Make sure you make the program executable:

  chmod +x mapper.py

Reducer Code

Typically the reducer gets the tuples generated by the mapper, after the shuffle and sort phases.

The code is stored in a file called reducer.py.

.
#!/usr/bin/env python
import sys
 
# maps words to their counts
word2count = {}
 
# input comes from STDIN
for line in sys.stdin:
    # remove leading and trailing whitespace
    line = line.strip()
 
    # parse the input we got from mapper.py
    word, count = line.split('\t', 1)
    # convert count (currently a string) to int
    try:
        count = int(count)
    except ValueError:
        continue

    try:
        word2count[word] = word2count[word]+count
    except:
        word2count[word] = count
 
# write the tuples to stdout
# Note: they are unsorted
for word in word2count.keys():
    print '%s\t%s'% ( word, word2count[word] )


.



Make sure the file is executable:

 chmod +x reducer.py


Testing

  • Make sur your two programs work.
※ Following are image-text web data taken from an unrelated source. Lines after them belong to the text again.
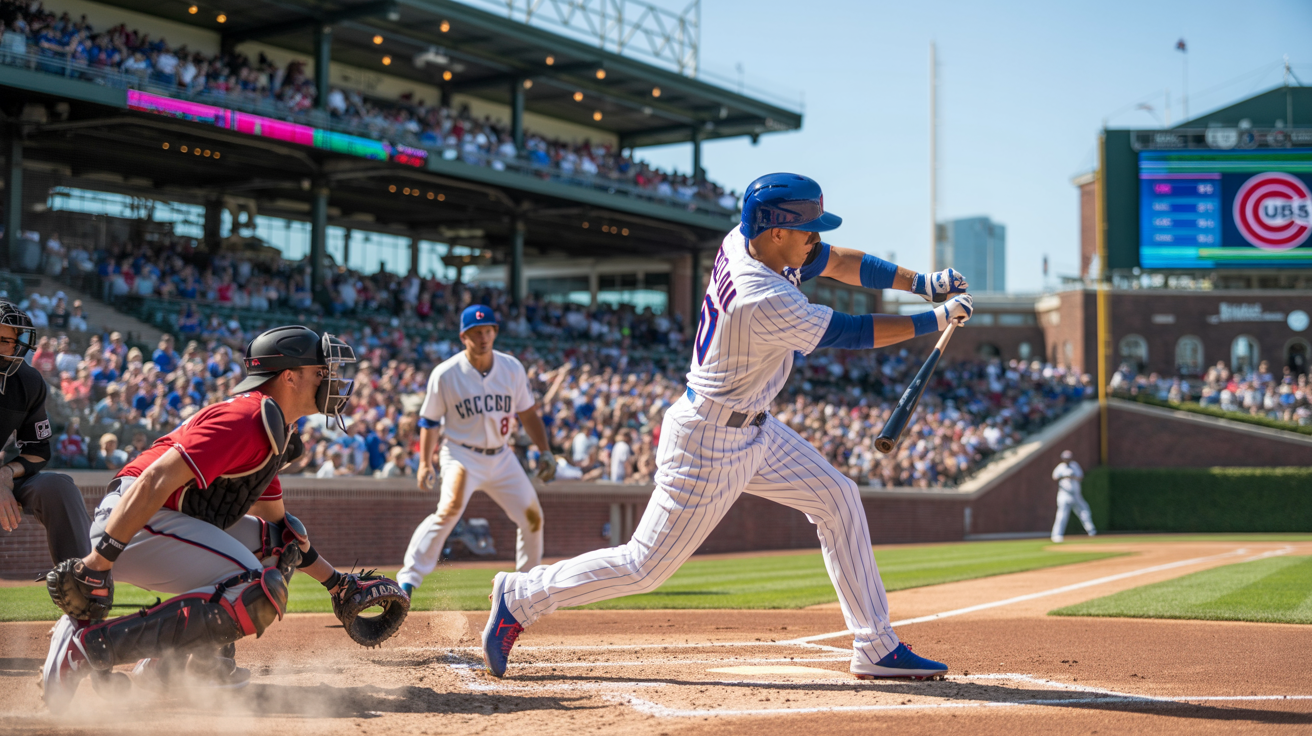 Chicago Cubs vs Arizona Diamondbacks Timeline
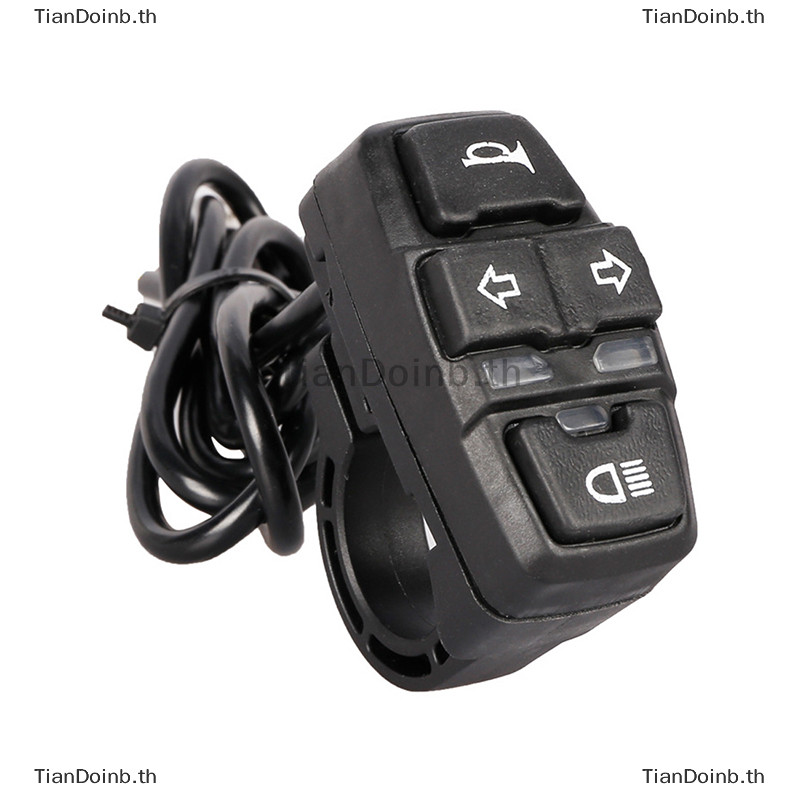 Tianye ไฟฟ ้ าจักรยานสกู ๊ ตเตอร ์ สวิตช ์ ไฟ DK336 สําหรับปุ ่ มรถจักรยานยนต ์ ไฟเลี ้ ยว TH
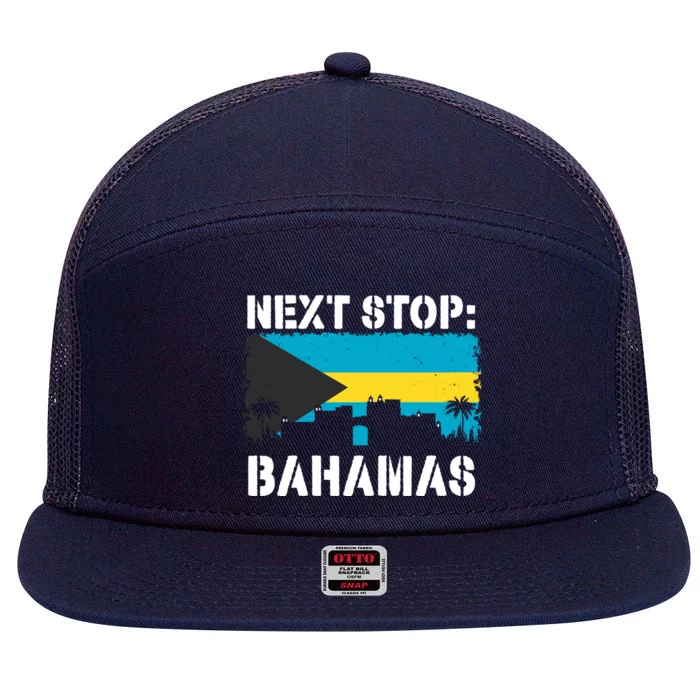 Bahamas Summer Vacation Trip Next Stop Vacay Vibes Souvenir Cute Gift 7 Panel Mesh Trucker Snapback Hat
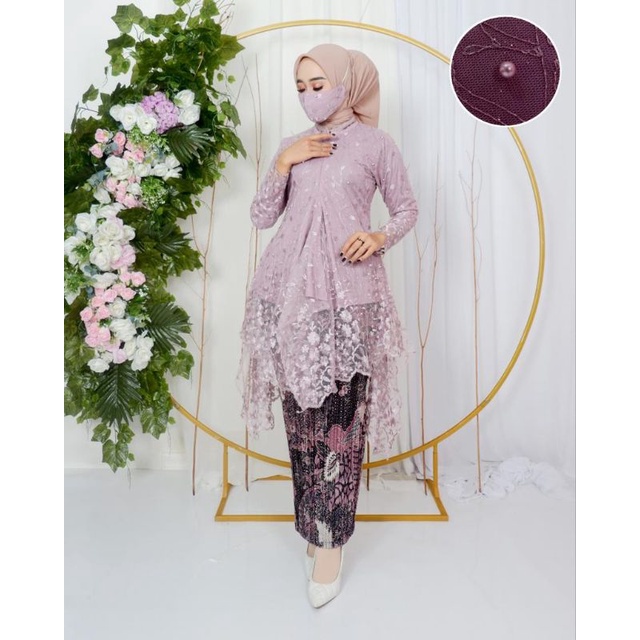 Kebaya Tunik Busui / Kebaya Modern / Kebaya Wisuda Kekinian / Stelan Kebaya Wanita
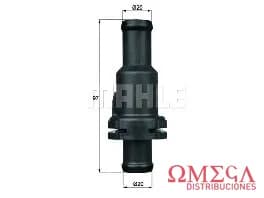 TERMOSTATO VW VENTO 2.0 TFSI-2.5FSI TH575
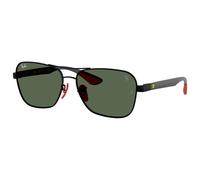 Ray - Ban RB8336M F00271 Unisex Sunglasses Metal Black Green Squared Normal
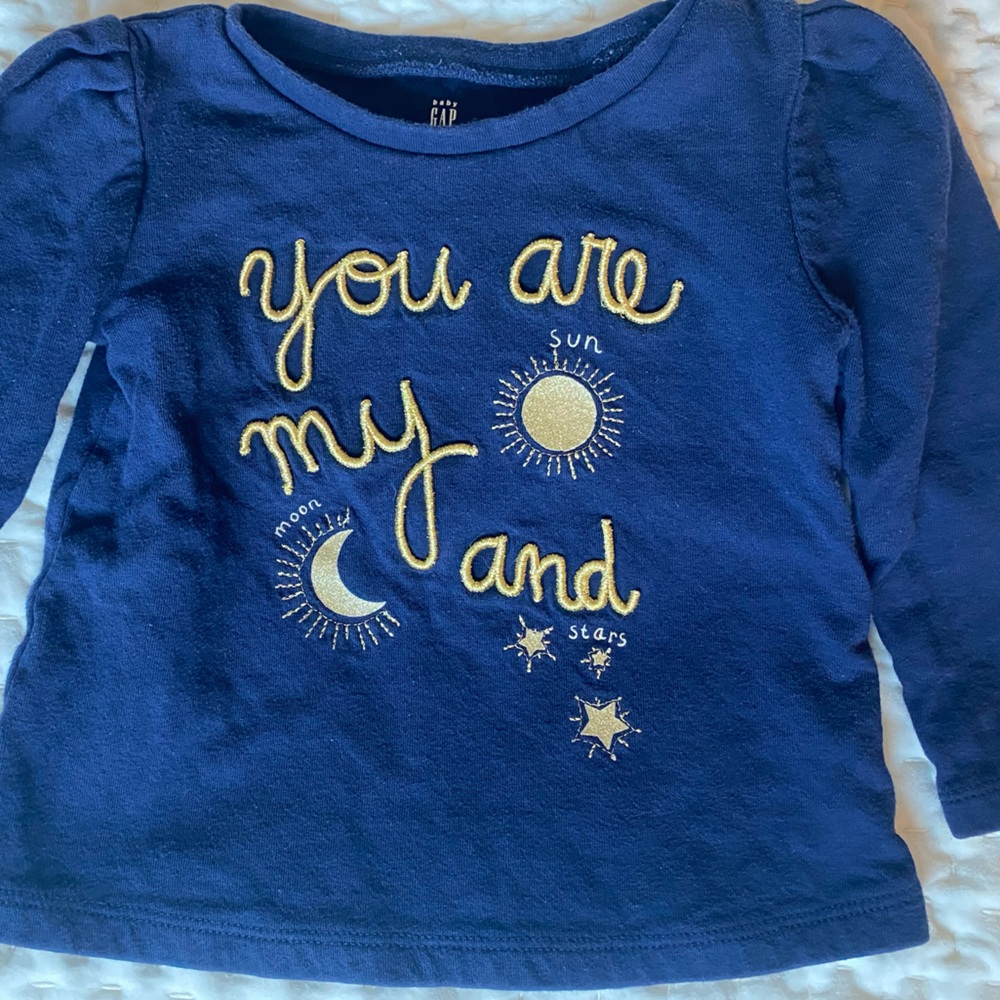 Gap long sleeve shirt - 18M-24M
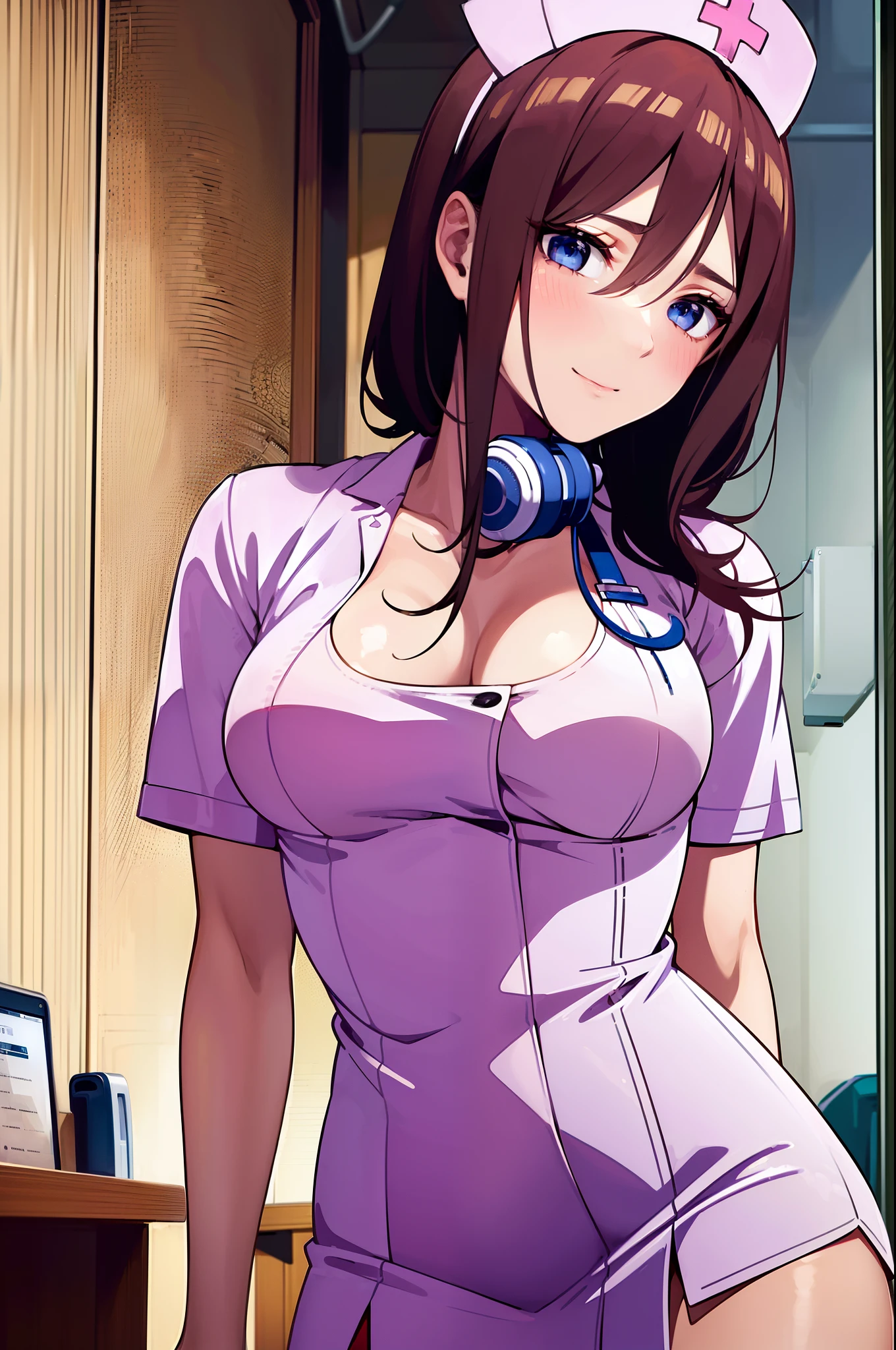 (focus on the panties), ((masturbation)), (((touch her crotch with her hand))), (drooping eyes, eyes with realistic sizing), dark-brown-iris, thin thighs, eccentric pose, slut, (in the factory, many machines), work clothes, ((sweat)), spread her legs, (((open mouth, blush))), angle from diagonally below, line art,
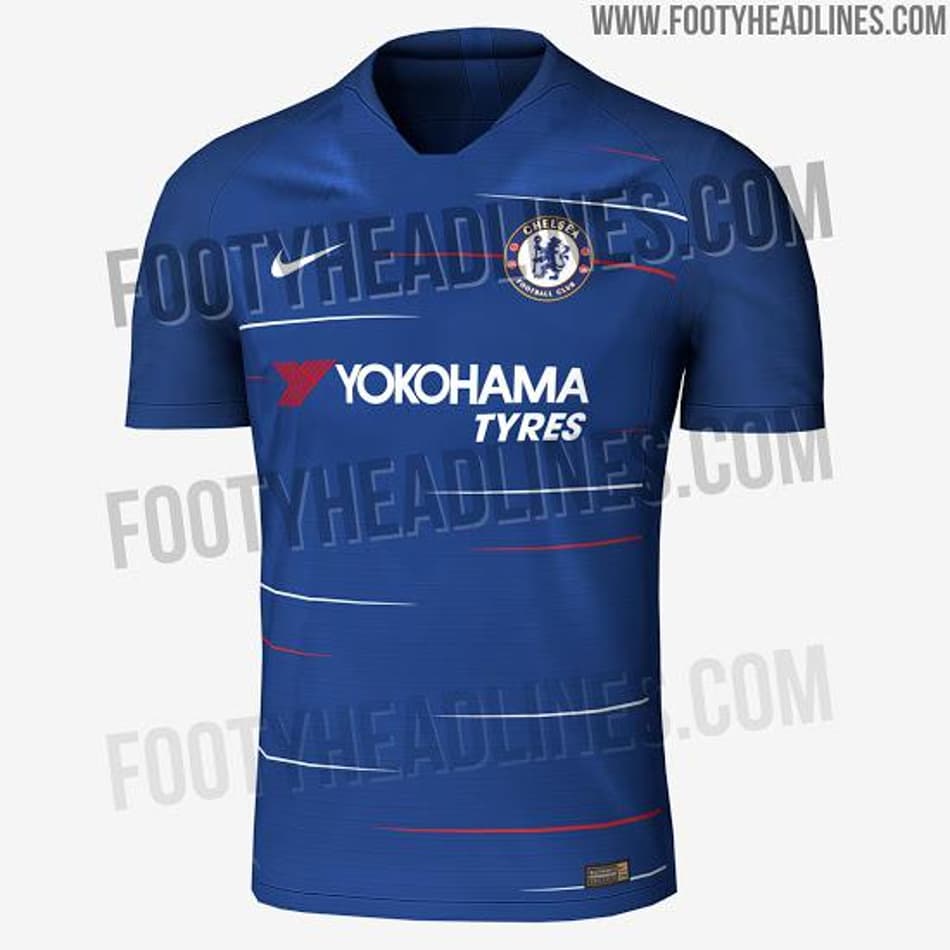 Site vaza camisa titular do Chelsea para 18/19, além de parte do manto reserva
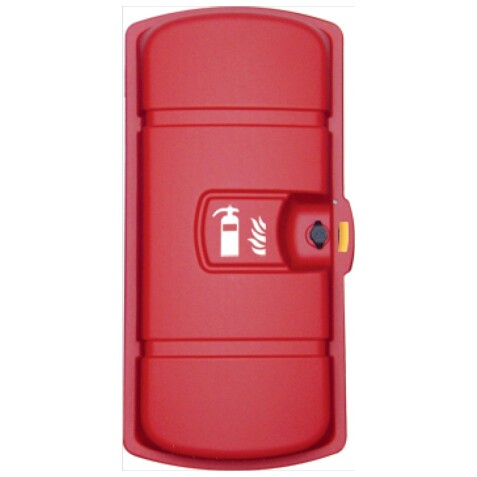 Coffret - Extincteur 6 kg/6L ou 2 kg CO2 - 370x210x740 mm - Polystyrène antichoc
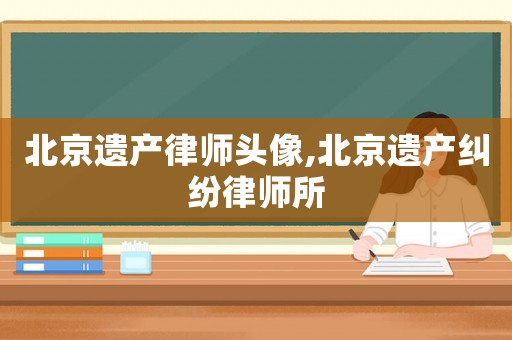 北京遺產(chǎn)律師頭像,北京遺產(chǎn)糾紛律師所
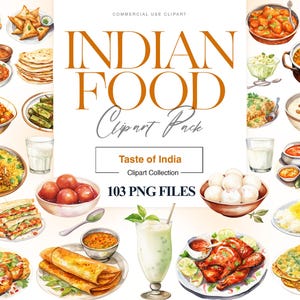 Clipart Indiaas eten, paratha, ontbijt, Indiaas gerecht, kip tandoori, Biriyani-rijst, afdrukbaar Indiaas eten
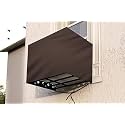 The Furnishing Tree Window AC Cover for 2 Ton Waterproof and dustproof Polyester Coffee Color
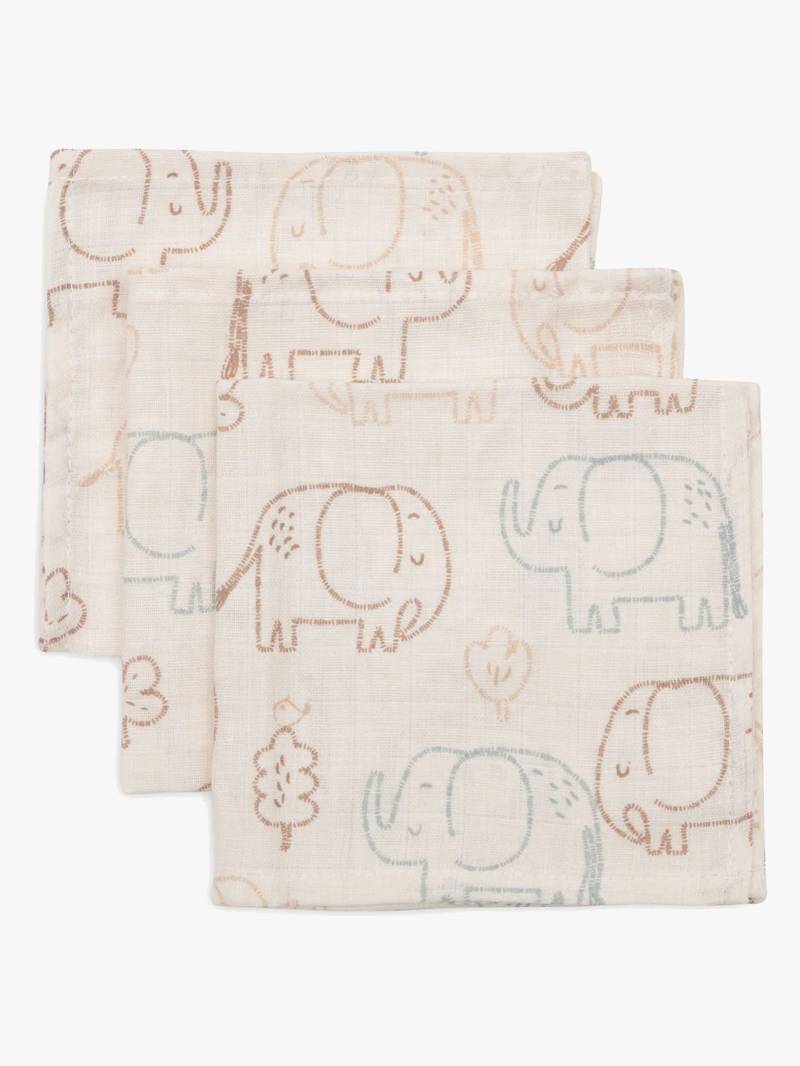 Jollein Waschlappen 3er-Pack, Elephant Tales Jollein Waschlappen 3er-Pack, Elephant Tales von Jollein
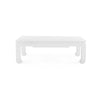 Villa & House - Bethany Large Rectangular Coffee Table, White-Bungalow 5-Blue Hand Home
Here's a simple series of test you can run:
  cat mapper.py | mapper.py
This will make mapper.py output all the words that make up its code.
 cat mapper.py | mapper.py | sort | reducer.py 
This will generate the (unsorted) frequencies of all the unique words (punctuated or not) in mapper.py.

Running on the Hadoop Cluster

  • Let's run the Python code on the Ulysses.txt file.
  • We'll assume that the Python code is stored in ~hadoop/352/dft/python
  • We'll assume that the streaming java library is in ~hadoop/contrib/streaming/streaming-0.19.2-streaming.jar
  • We'll also assume that ulysses.txt is in dft and that we want the output in dft-output:
cd
cd 352/dft/python
hadoop dfs -rmr dft1-output 
hadoop jar /home/hadoop/hadoop/contrib/streaming/hadoop-0.19.2-streaming.jar -file ./mapper.py \
        -mapper ./mapper.py -file ./reducer.py -reducer ./reducer.py  -input dft -output dft-output

Changing the number of Reducers

  • To change the number of reducers, simply add this switch -jobconf mapred.reduce.tasks=16 to the command line:
cd
cd 352/dft/python
hadoop dfs -rmr dft1-output 
hadoop jar /home/hadoop/hadoop/contrib/streaming/hadoop-0.19.2-streaming.jar \
        -jobconf mapred.reduce.tasks=16 \
        -file ./mapper.py \
        -mapper ./mapper.py \
        -file ./reducer.py \
        -reducer ./reducer.py \  
        -input dft -output dft-output


References

  1. Michael Noll, Writing an Hadoop MapReduce Program in Python, www.michael-noll.com.
  2. Hadoop, the definitive guide, Tim White, O'Reilly Media, June 2009, ISBN 0596521979. The Web site for the book is http://www.hadoopbook.com/